▸ **WHAT NEEDS TO BE DONE**: Each line of the data must be written out again verbatim; no image belongs in the copy.

[Extracted records]

- - - -

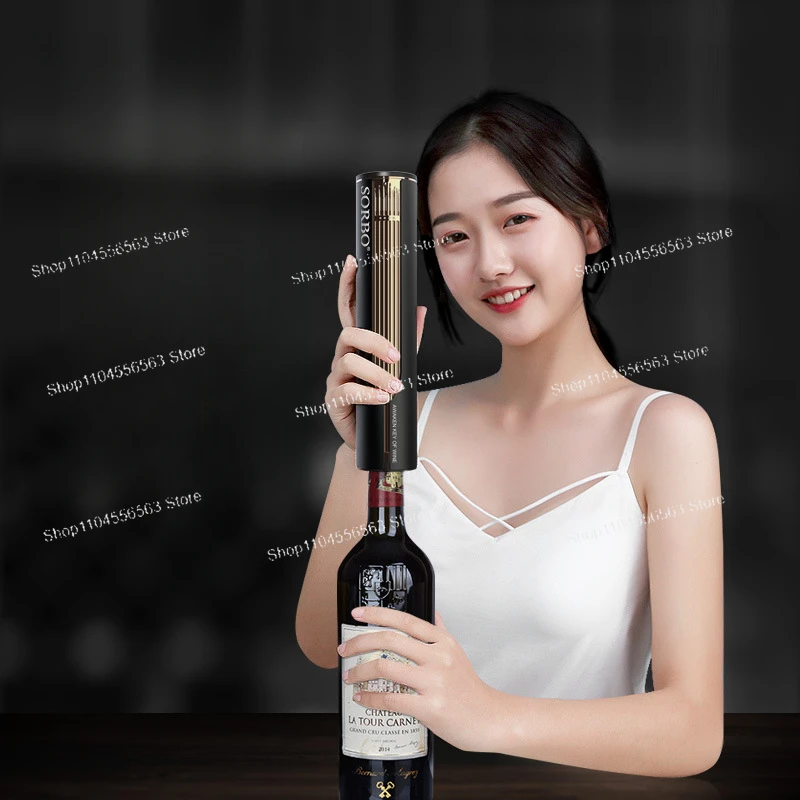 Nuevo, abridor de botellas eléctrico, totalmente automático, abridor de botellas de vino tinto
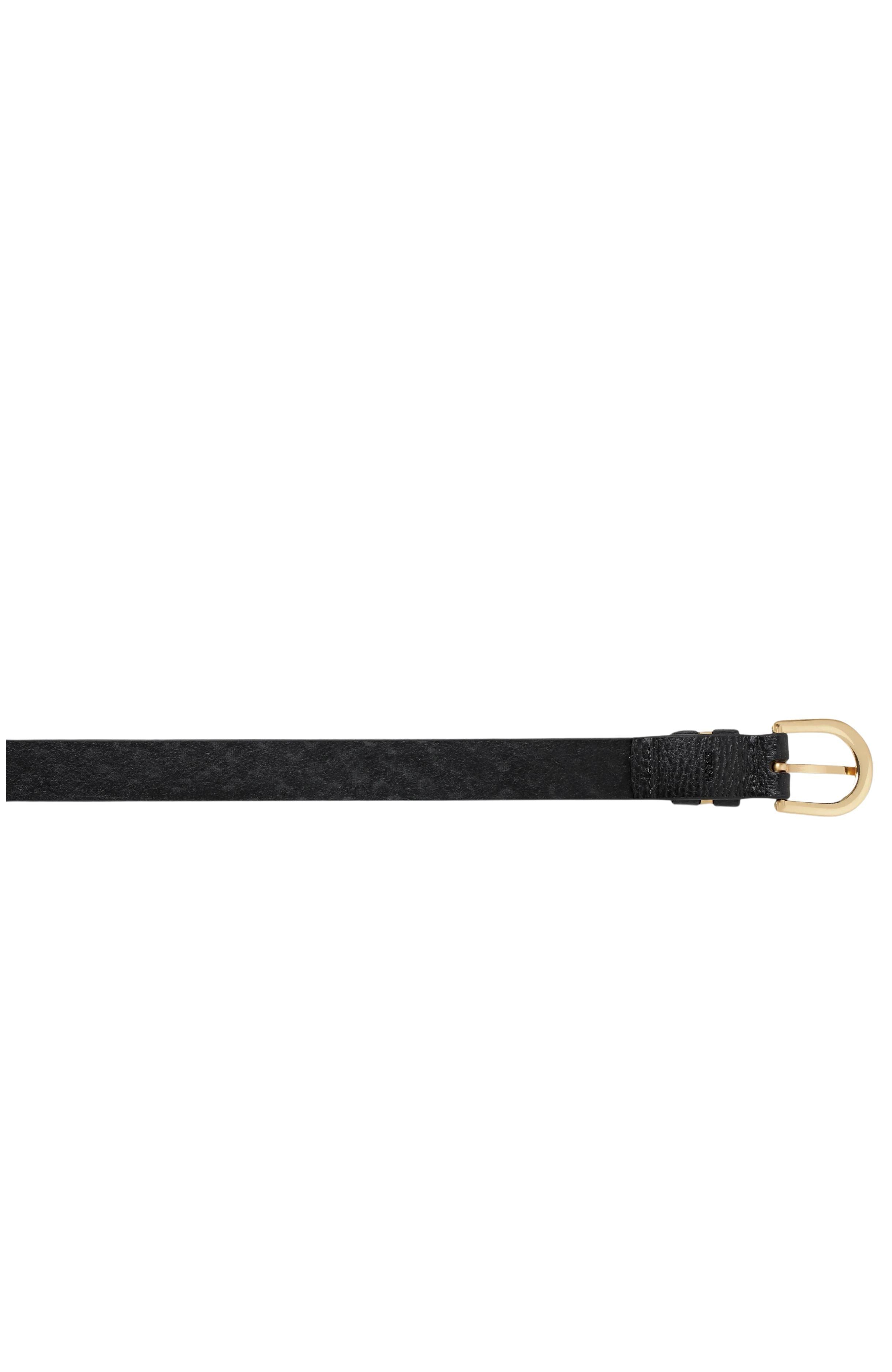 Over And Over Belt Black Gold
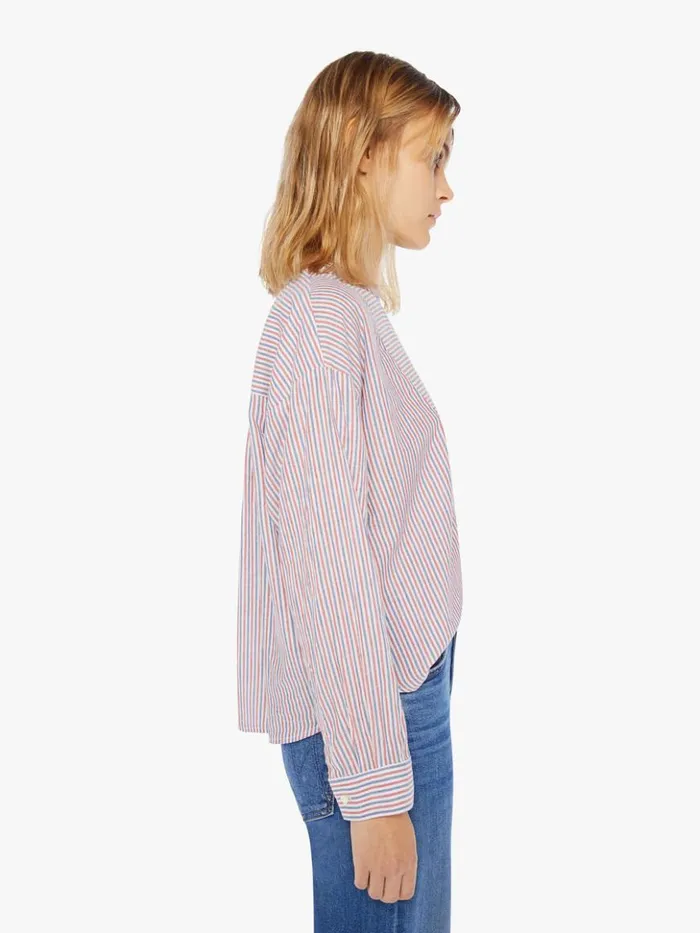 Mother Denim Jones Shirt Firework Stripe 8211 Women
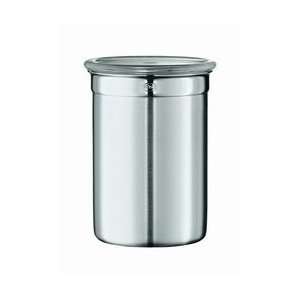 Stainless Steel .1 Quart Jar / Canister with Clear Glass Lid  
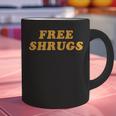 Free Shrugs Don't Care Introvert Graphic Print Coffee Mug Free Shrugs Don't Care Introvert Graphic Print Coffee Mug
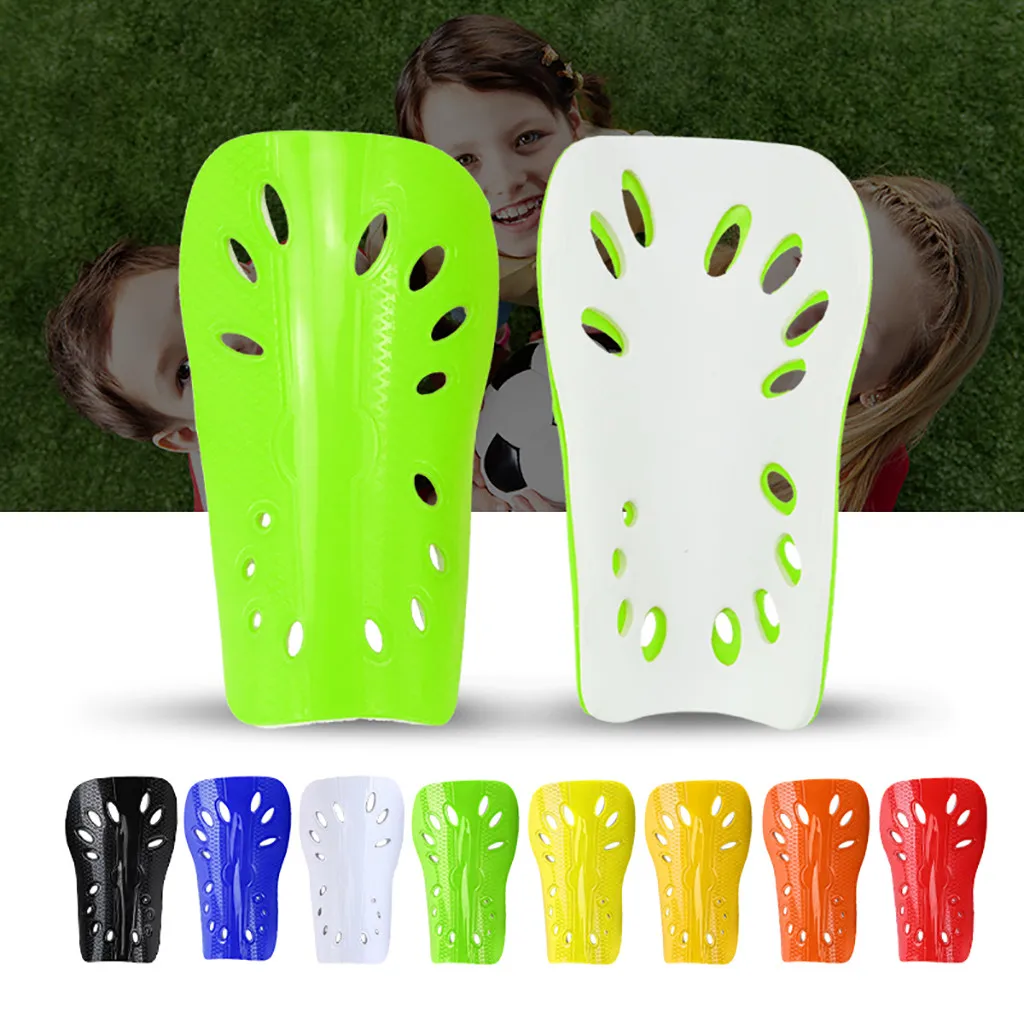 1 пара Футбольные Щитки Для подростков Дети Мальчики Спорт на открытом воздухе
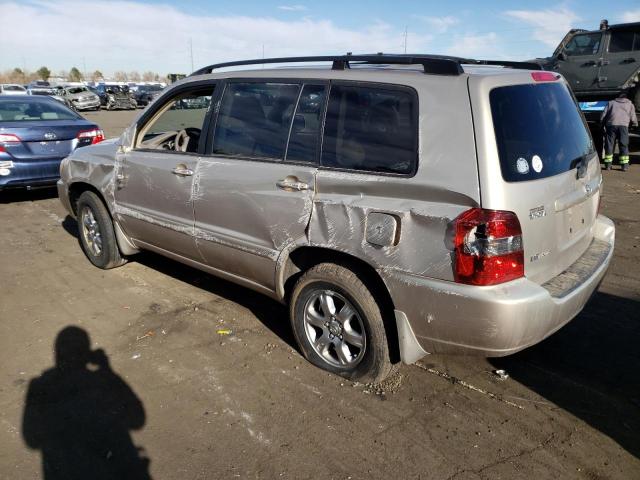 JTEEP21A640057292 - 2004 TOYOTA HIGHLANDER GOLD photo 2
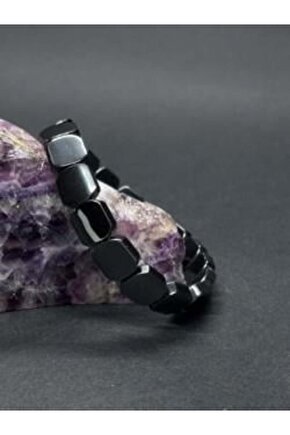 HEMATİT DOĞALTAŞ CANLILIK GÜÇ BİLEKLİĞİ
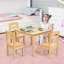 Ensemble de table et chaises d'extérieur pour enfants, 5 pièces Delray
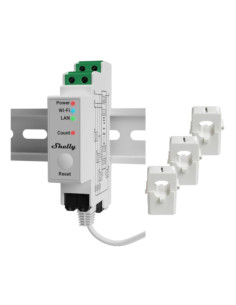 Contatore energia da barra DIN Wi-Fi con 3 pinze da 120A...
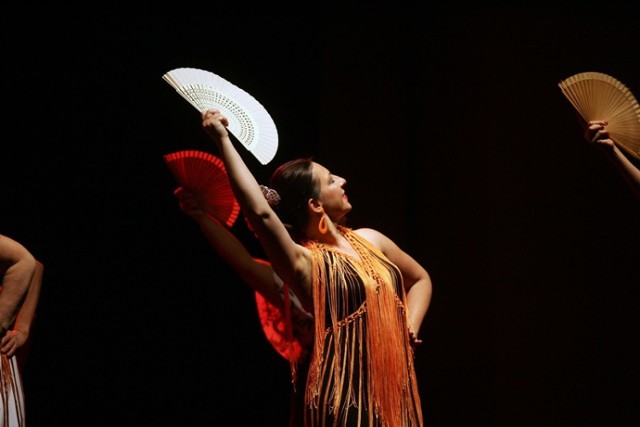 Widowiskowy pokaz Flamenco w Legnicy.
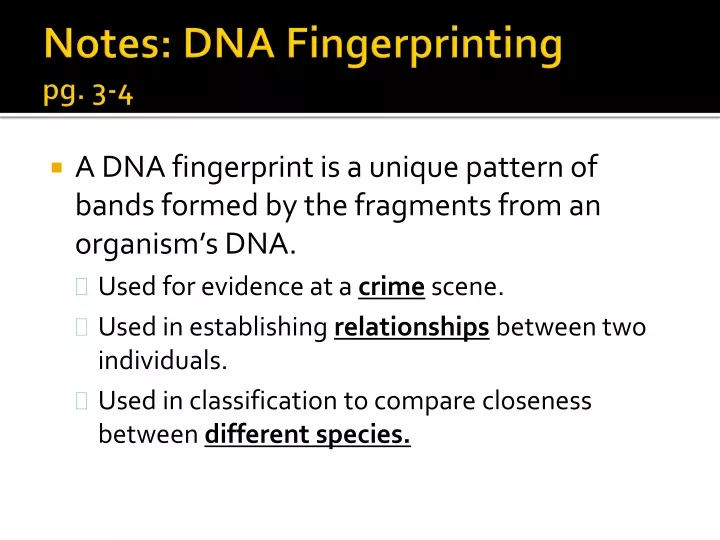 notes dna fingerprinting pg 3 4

- - - -

▸ **ANSWER AREA**:
 Nuevo, abridor de botellas eléctrico, totalmente automático, abridor de botellas de vino tinto
 Over And Over Belt Black Gold
 Mother Denim Jones Shirt Firework Stripe 8211 Women
 Stainless Steel .1 Quart Jar / Canister with Clear Glass Lid  
 Free Shrugs Don't Care Introvert Graphic Print Coffee Mug Free Shrugs Don't Care Introvert Graphic Print Coffee Mug
 1 пара Футбольные Щитки Для подростков Дети Мальчики Спорт на открытом воздухе
 JTEEP21A640057292 - 2004 TOYOTA HIGHLANDER GOLD photo 2
 HEMATİT DOĞALTAŞ CANLILIK GÜÇ BİLEKLİĞİ
 Ensemble de table et chaises d'extérieur pour enfants, 5 pièces Delray
 Contatore energia da barra DIN Wi-Fi con 3 pinze da 120A...
 Widowiskowy pokaz Flamenco w Legnicy.
 notes dna fingerprinting pg 3 4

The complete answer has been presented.